**Data excerpts**
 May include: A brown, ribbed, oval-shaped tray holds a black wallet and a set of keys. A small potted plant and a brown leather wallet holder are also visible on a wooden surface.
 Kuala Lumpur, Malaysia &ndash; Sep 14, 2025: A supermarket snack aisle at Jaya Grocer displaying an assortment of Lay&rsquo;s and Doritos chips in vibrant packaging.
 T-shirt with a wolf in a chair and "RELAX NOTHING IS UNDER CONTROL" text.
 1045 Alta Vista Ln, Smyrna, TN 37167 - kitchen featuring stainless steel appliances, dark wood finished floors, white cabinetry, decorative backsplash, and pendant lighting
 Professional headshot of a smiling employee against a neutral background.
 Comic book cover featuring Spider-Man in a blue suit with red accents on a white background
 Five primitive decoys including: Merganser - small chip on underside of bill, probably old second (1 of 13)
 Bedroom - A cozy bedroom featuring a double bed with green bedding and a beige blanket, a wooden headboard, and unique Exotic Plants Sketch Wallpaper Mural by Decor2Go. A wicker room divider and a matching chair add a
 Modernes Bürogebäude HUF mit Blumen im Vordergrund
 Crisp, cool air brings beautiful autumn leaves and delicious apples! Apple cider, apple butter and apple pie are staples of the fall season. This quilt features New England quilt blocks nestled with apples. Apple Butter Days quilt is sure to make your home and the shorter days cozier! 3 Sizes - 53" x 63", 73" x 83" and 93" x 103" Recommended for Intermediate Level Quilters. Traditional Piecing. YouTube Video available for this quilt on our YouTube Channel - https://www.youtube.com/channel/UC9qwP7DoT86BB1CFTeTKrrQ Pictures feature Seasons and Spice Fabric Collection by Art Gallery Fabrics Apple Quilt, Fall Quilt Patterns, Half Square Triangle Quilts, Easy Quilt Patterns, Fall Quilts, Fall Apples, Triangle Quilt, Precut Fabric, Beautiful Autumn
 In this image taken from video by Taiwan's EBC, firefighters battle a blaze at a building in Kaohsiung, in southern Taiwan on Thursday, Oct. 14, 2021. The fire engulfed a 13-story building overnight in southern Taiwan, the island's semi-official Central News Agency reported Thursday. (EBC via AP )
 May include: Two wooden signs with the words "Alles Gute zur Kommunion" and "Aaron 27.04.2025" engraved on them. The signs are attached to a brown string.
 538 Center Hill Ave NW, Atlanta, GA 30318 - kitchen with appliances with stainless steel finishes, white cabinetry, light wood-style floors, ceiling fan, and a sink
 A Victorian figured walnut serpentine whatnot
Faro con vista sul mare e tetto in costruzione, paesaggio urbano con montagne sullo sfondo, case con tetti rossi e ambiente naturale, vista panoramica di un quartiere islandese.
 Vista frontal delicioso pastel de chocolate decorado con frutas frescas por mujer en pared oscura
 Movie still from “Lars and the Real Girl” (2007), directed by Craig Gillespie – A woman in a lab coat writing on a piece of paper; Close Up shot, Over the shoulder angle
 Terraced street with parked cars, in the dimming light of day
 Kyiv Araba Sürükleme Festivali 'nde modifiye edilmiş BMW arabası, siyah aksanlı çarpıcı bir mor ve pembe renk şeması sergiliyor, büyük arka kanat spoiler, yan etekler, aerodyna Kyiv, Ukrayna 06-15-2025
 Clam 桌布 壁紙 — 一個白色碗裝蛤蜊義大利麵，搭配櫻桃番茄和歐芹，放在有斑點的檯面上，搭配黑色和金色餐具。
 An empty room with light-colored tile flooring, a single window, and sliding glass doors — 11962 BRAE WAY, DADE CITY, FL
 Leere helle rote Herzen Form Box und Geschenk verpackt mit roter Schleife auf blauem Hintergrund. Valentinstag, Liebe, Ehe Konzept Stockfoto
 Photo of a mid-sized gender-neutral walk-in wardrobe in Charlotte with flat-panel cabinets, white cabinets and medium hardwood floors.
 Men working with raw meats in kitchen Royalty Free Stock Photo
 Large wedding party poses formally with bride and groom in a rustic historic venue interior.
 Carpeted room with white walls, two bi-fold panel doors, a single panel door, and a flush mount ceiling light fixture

**Aim of the exercise**
What is needed here is an exact copy of every record.

**Solution for this task**
 May include: A brown, ribbed, oval-shaped tray holds a black wallet and a set of keys. A small potted plant and a brown leather wallet holder are also visible on a wooden surface.
 Kuala Lumpur, Malaysia &ndash; Sep 14, 2025: A supermarket snack aisle at Jaya Grocer displaying an assortment of Lay&rsquo;s and Doritos chips in vibrant packaging.
 T-shirt with a wolf in a chair and "RELAX NOTHING IS UNDER CONTROL" text.
 1045 Alta Vista Ln, Smyrna, TN 37167 - kitchen featuring stainless steel appliances, dark wood finished floors, white cabinetry, decorative backsplash, and pendant lighting
 Professional headshot of a smiling employee against a neutral background.
 Comic book cover featuring Spider-Man in a blue suit with red accents on a white background
 Five primitive decoys including: Merganser - small chip on underside of bill, probably old second (1 of 13)
 Bedroom - A cozy bedroom featuring a double bed with green bedding and a beige blanket, a wooden headboard, and unique Exotic Plants Sketch Wallpaper Mural by Decor2Go. A wicker room divider and a matching chair add a
 Modernes Bürogebäude HUF mit Blumen im Vordergrund
 Crisp, cool air brings beautiful autumn leaves and delicious apples! Apple cider, apple butter and apple pie are staples of the fall season. This quilt features New England quilt blocks nestled with apples. Apple Butter Days quilt is sure to make your home and the shorter days cozier! 3 Sizes - 53" x 63", 73" x 83" and 93" x 103" Recommended for Intermediate Level Quilters. Traditional Piecing. YouTube Video available for this quilt on our YouTube Channel - https://www.youtube.com/channel/UC9qwP7DoT86BB1CFTeTKrrQ Pictures feature Seasons and Spice Fabric Collection by Art Gallery Fabrics Apple Quilt, Fall Quilt Patterns, Half Square Triangle Quilts, Easy Quilt Patterns, Fall Quilts, Fall Apples, Triangle Quilt, Precut Fabric, Beautiful Autumn
 In this image taken from video by Taiwan's EBC, firefighters battle a blaze at a building in Kaohsiung, in southern Taiwan on Thursday, Oct. 14, 2021. The fire engulfed a 13-story building overnight in southern Taiwan, the island's semi-official Central News Agency reported Thursday. (EBC via AP )
 May include: Two wooden signs with the words "Alles Gute zur Kommunion" and "Aaron 27.04.2025" engraved on them. The signs are attached to a brown string.
 538 Center Hill Ave NW, Atlanta, GA 30318 - kitchen with appliances with stainless steel finishes, white cabinetry, light wood-style floors, ceiling fan, and a sink
 A Victorian figured walnut serpentine whatnot
Faro con vista sul mare e tetto in costruzione, paesaggio urbano con montagne sullo sfondo, case con tetti rossi e ambiente naturale, vista panoramica di un quartiere islandese.
 Vista frontal delicioso pastel de chocolate decorado con frutas frescas por mujer en pared oscura
 Movie still from “Lars and the Real Girl” (2007), directed by Craig Gillespie – A woman in a lab coat writing on a piece of paper; Close Up shot, Over the shoulder angle
 Terraced street with parked cars, in the dimming light of day
 Kyiv Araba Sürükleme Festivali 'nde modifiye edilmiş BMW arabası, siyah aksanlı çarpıcı bir mor ve pembe renk şeması sergiliyor, büyük arka kanat spoiler, yan etekler, aerodyna Kyiv, Ukrayna 06-15-2025
 Clam 桌布 壁紙 — 一個白色碗裝蛤蜊義大利麵，搭配櫻桃番茄和歐芹，放在有斑點的檯面上，搭配黑色和金色餐具。
 An empty room with light-colored tile flooring, a single window, and sliding glass doors — 11962 BRAE WAY, DADE CITY, FL
 Leere helle rote Herzen Form Box und Geschenk verpackt mit roter Schleife auf blauem Hintergrund. Valentinstag, Liebe, Ehe Konzept Stockfoto
 Photo of a mid-sized gender-neutral walk-in wardrobe in Charlotte with flat-panel cabinets, white cabinets and medium hardwood floors.
 Men working with raw meats in kitchen Royalty Free Stock Photo
 Large wedding party poses formally with bride and groom in a rustic historic venue interior.
 Carpeted room with white walls, two bi-fold panel doors, a single panel door, and a flush mount ceiling light fixture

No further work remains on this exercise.